2

I'm aware of How to read large worksheets from large Excel files (27MB+) with PHPExcel? and I've tried to implement the chunked reading that is discussed in that question however I'm still suffering from a OOM errror. The file itself is just under 5Mb, 9000+ rows (yes, it's over 9000!) ranging from A to V.

I'd rather not have the user do any editing on this file before uploading and processing it, as currently it's all a manual process and I'd like to completely replace it with a automated one. The file is of xls format, identified as Excel5 via PHPExcel.
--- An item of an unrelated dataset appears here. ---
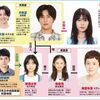 07月17日、大竹しのぶ(2024)
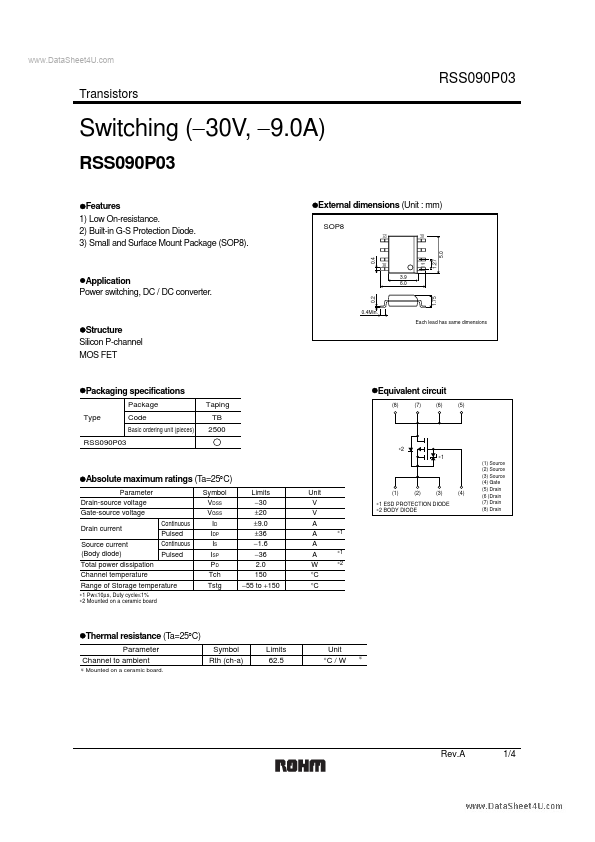 RSS090P03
my PHP memory limit is currently set to 128M, running on Ubuntu Server.

No matter what chunk size I set, I end up OOM'ing eventually. With larger chunk sizes it actually runs better (as in I can manage up to around row 7000) if I set the chunk size to 200, when set to 1 it OOM's around row 370. So I believe that 'something' is being stored, or loaded into memory in each iteration of the chunk reading and then not dropped again eventually causing the OOM but I can't see where this is happening.

I'm very much an amateur programmer, this is just something I'm doing on the side in my managed service role at work to try and make our lives easier.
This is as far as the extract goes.